[Records from a dataset]
┌──

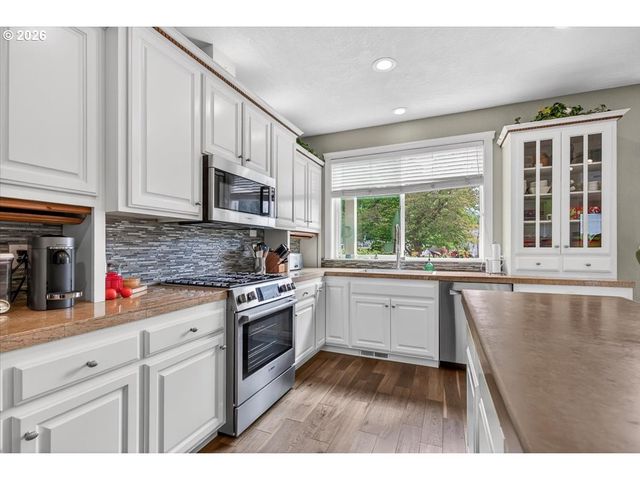 2258 GENE CAMERON Way, Medford, OR 97504
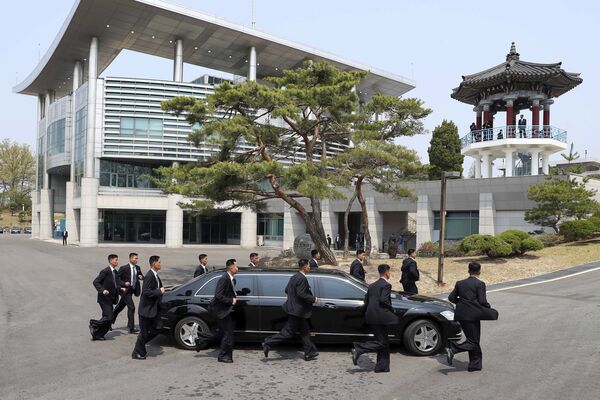 La histórica reunión entre los líderes de las dos Coreas, en imágenes - Sputnik Mundo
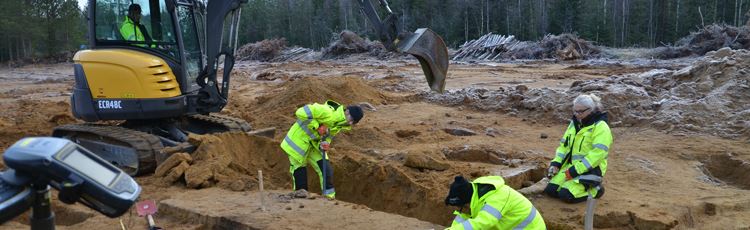 Västerbottens museums arkeologer genomför arkeologiska undersökningar inför byggandet av Västra länken, Umeå kommun.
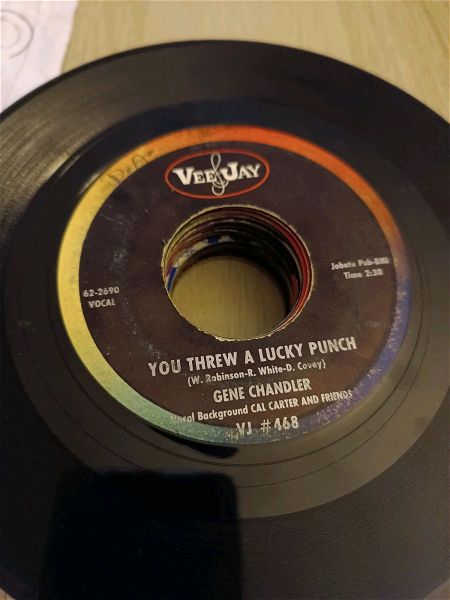  45 rpm diskos viniliou Gene Chandler you threw a lucky punch, rainbow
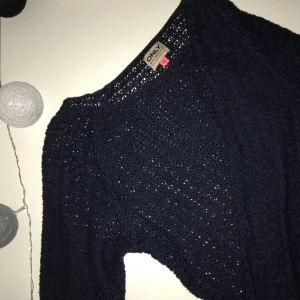  - Lite genomskinlig marinblå mysig tröja från Only. Väl använd, i bra skick. Köpare står för frakt.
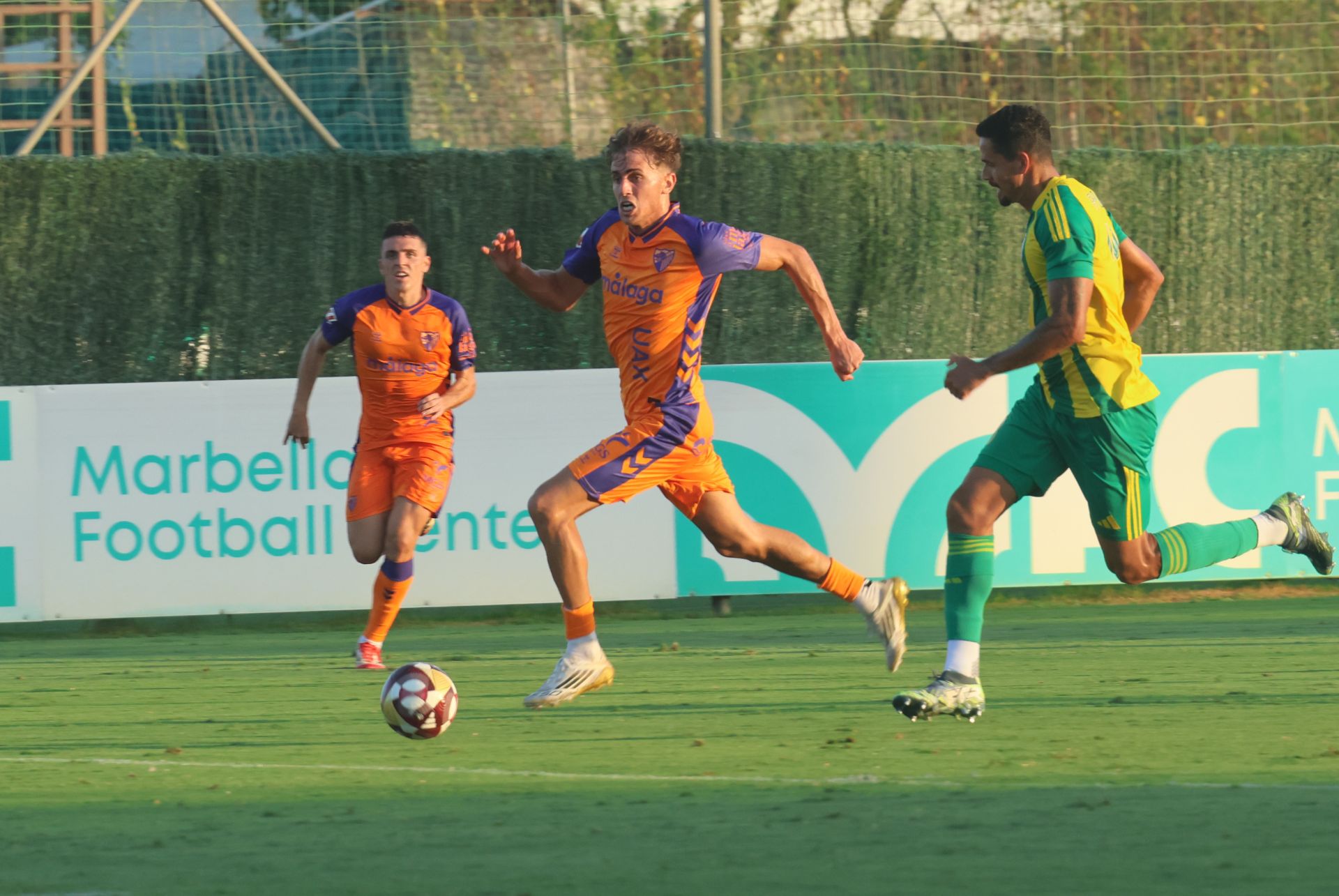 El partido entre Málaga y el Al-Wakrah en Marbella, en imágenes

└──

Exercise aim: From the line containing "45 rpm diskos" to the last line of the records, inclusive, output the lines exactly as written and nothing else; leave out the pictures.

Response to the exercise:
  45 rpm diskos viniliou Gene Chandler you threw a lucky punch, rainbow
  - Lite genomskinlig marinblå mysig tröja från Only. Väl använd, i bra skick. Köpare står för frakt.
 El partido entre Málaga y el Al-Wakrah en Marbella, en imágenes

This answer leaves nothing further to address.